`-1 << (k + 1)` => `-2 << k` Inverted shift optimizations should incorporate offsets

Validark commented 2 months ago

Let's say I have this function:

export fn foo(m: u64) u64 {
    const x = ~m & (m << 1);
    return (@as(u64, 1) << @intCast(@popCount(x) + 1)) - 1;
}

LLVM handily optimizes it to the equivalent of this:

export fn foo(m: u64) u64 {
    const x = ~m & (m << 1);
    return ~(~@as(u64, 0) << @intCast(@popCount(x) + 1));
}

However, we can do slightly better by moving the +1 into ~@as(u64, 0) by pre-shifting it by 1. Since ~@as(u64, 0) << 1 is ~@as(u64, 1), we get:

export fn bar(m: u64) u64 {
    const x = ~m & (m << 1);
    return ~(~@as(u64, 1) << @intCast(@popCount(x)));
}

Here is the assembly version:

foo:
        lea     rax, [rdi + rdi]
        mov     rcx, -1
        andn    rax, rdi, rax
        popcnt  rax, rax
        inc     al ; we can remove this increment by changing `rcx` to -2
        shlx    rax, rcx, rax
        not     rax
        ret

bar:
        lea     rax, [rdi + rdi]
        mov     rcx, -2
        andn    rax, rdi, rax
        popcnt  rax, rax
        shlx    rax, rcx, rax
        not     rax
        ret

This optimization should be applicable across architectures. (Godbolt link)

dtcxzyw commented 2 months ago

@Validark Can you explain what @foo is used for?

Validark commented 2 months ago

I wrote this code because I wanted to produce a mask with the same number of bits as in x, but all concentrated in the front.

I was originally going to feed this, perhaps with some transformation, into a pdep instruction, to turn off certain bits of x, but I ended up needing to preserve some other bits that made me shift strategies.

I think the idea is pretty general-purpose still though. The idea is:

-1 << (k + 1) => -2 << k

I think this would benefit code in the wild.

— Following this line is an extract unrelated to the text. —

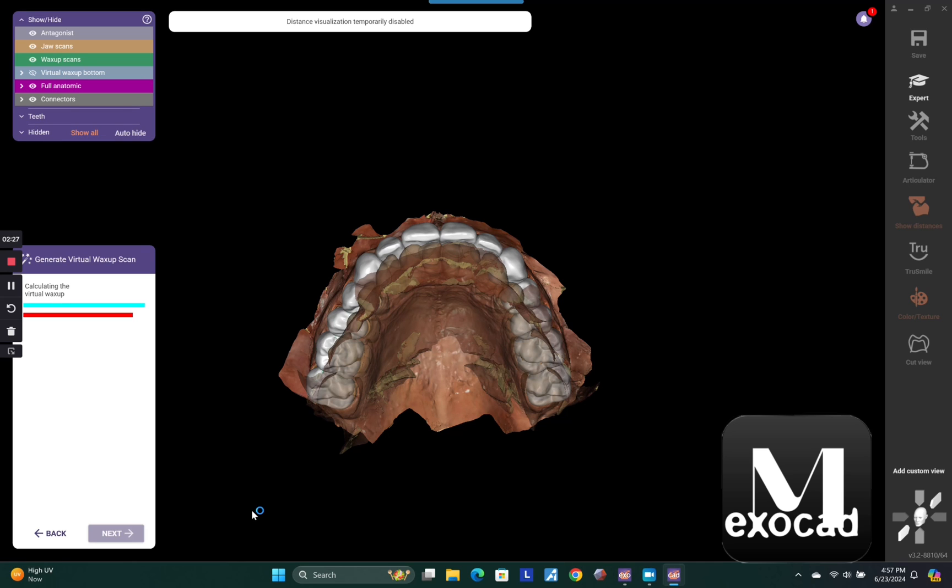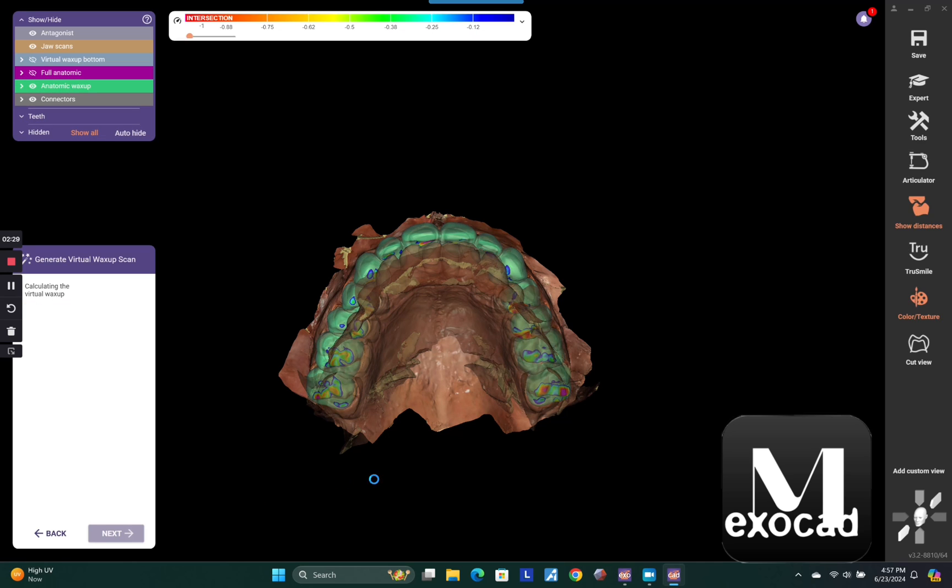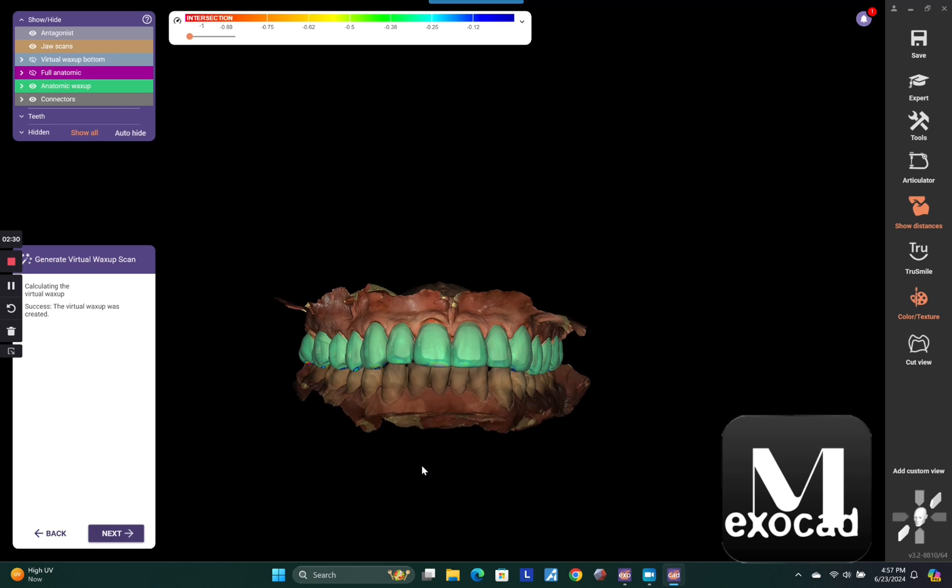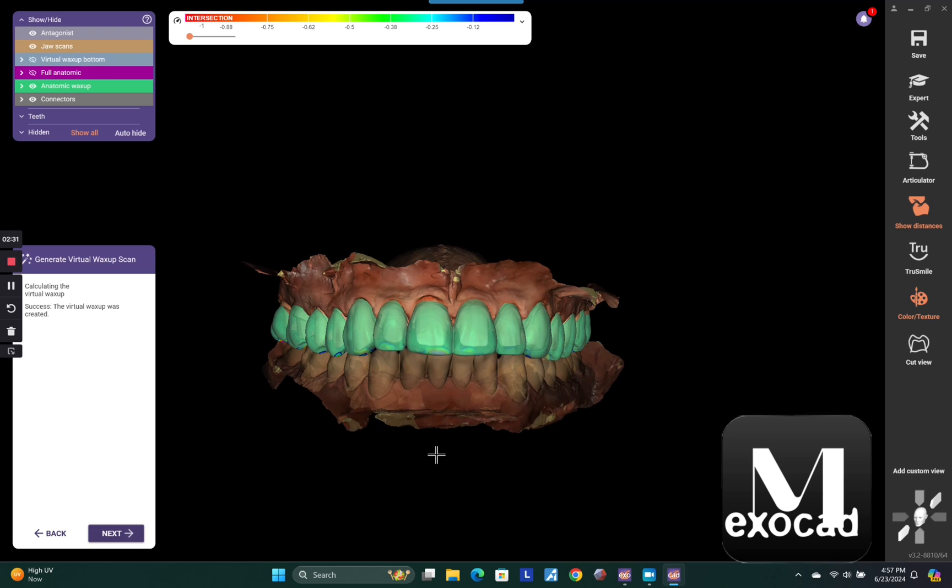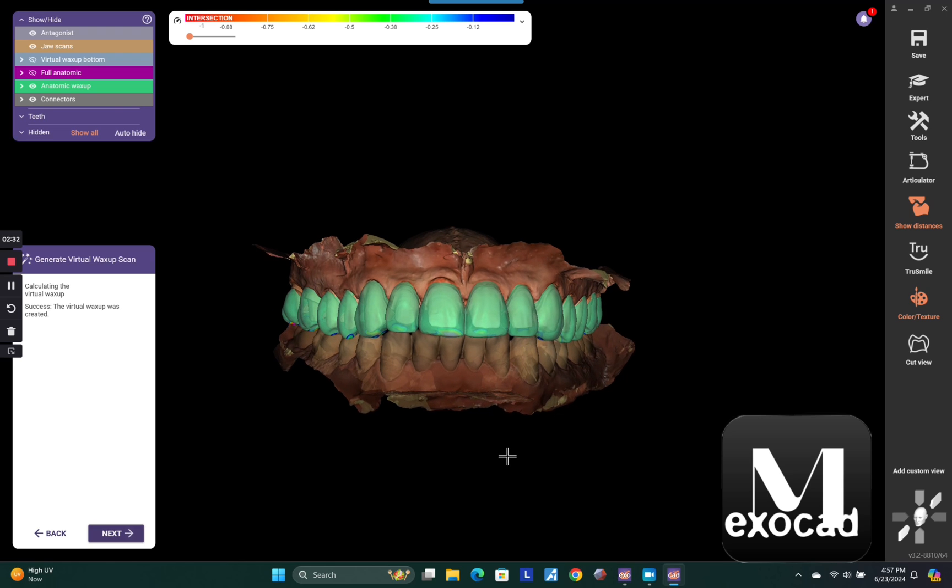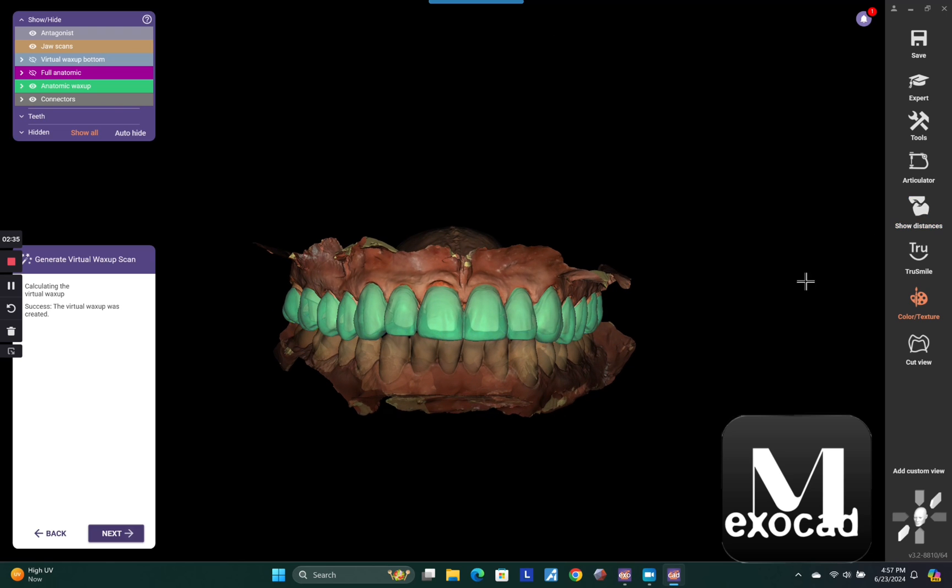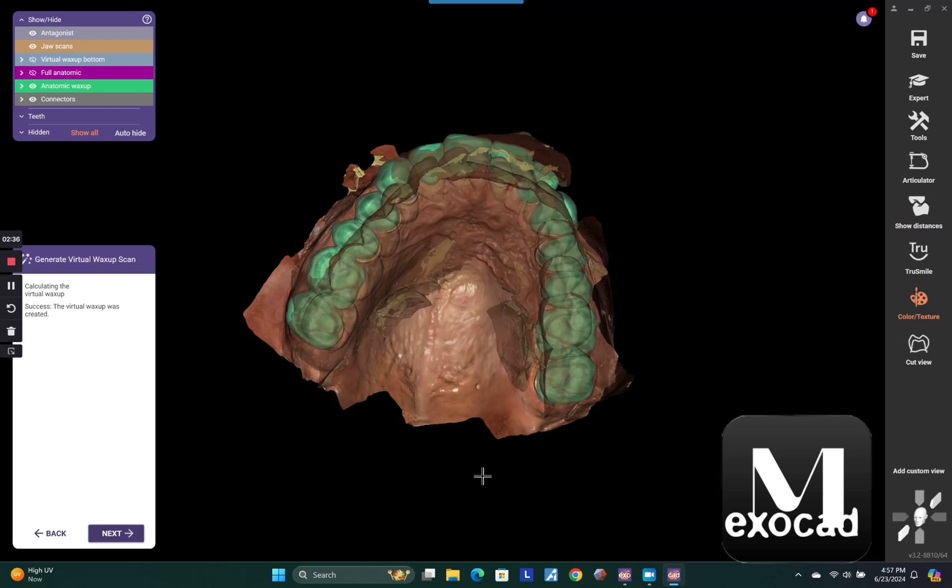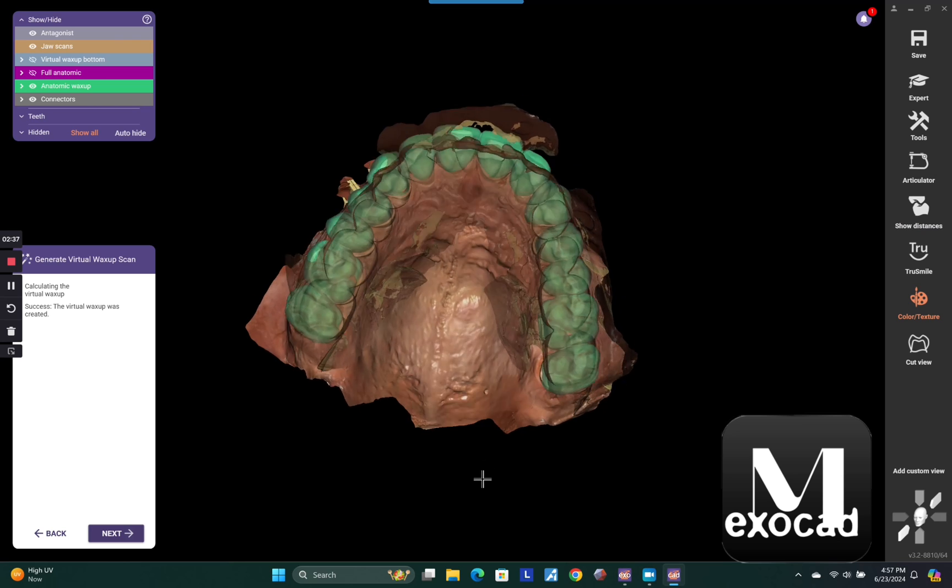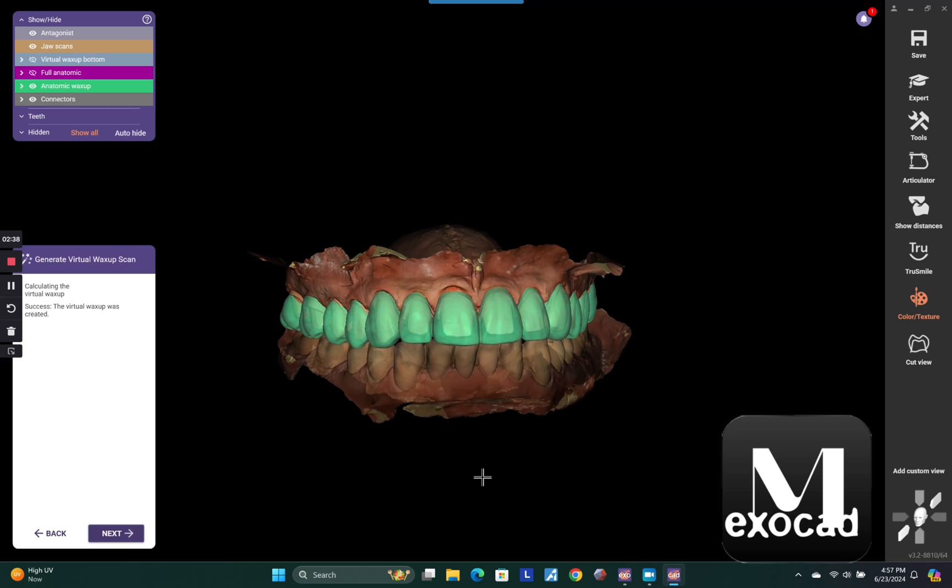So now we're going to just go ahead and follow the wizard. You're just going to generate the virtual wax up scan, which is this kind of Ninja Turtle green wax up. And from here, you're just going to hit next.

dtcxzyw commented 2 months ago

-1 << (k + 1) => -2 << k

LLVM doesn't fold this pattern since it cannot prove k + 1 < bitwidth (i.e., @popCount(~m & (m << 1)) < bitwidth - 1) : https://alive2.llvm.org/ce/z/FfYEmg

dtcxzyw commented 2 months ago

The pattern @popCount(~m & (m << 1)) does not seem to exist in the real-world code :(

Validark commented 2 months ago

-1 << (k + 1) => -2 << k

LLVM doesn't fold this pattern since it cannot prove k + 1 < bitwidth (i.e., @popCount(~m & (m << 1)) < bitwidth - 1) : https://alive2.llvm.org/ce/z/FfYEmg

Did you realize you were using i16's? For i16, the maximum popCount of m & ~(m << 1), ~m & (m << 1), and m & (~m << 1), and versions with << turned to >>, is 8. And LLVM is able to prove this: https://alive2.llvm.org/ce/z/oNtS3G

The pattern @popCount(~m & (m << 1)) does not seem to exist in the real-world code :(

The significance of the pattern is just that all patterns that look like it by definition have a popcount of up to half of the bitstring length. I don't think that this specific pattern is what you should search for, it's just one example.

Also, even setting aside the pattern, when I have -1 << @intCast(k + 1), I am guaranteeing k + 1 is in the range [0, BIT_LEN), or rather, [1, BIT_LEN) if we look at that +1. Hence the @intCast() call which is asserting that it is a valid u6 for shifting a u64 bitstring. Therefore this transformation should be safe. (Note that overflow is guaranteed not to occur, both by the possible range from the popcount and the fact that popCount returns a u7, which is meant to hold the maximum popcount of 64, therefore adding 1 would not overflow a u7, and my intCast asserts the resulting value will be 63 or less. Therefore, we can safely shift the range of k + 1 => [1, 63] to k => [0, 62] to do this optimization, even without the knowledge of the popcount being at most 32 for i64's)

dtcxzyw commented 2 months ago

And LLVM is able to prove this: https://alive2.llvm.org/ce/z/oNtS3G

It is proven by Z3, not LLVM.

I don't think that this specific pattern is what you should search for, it's just one example.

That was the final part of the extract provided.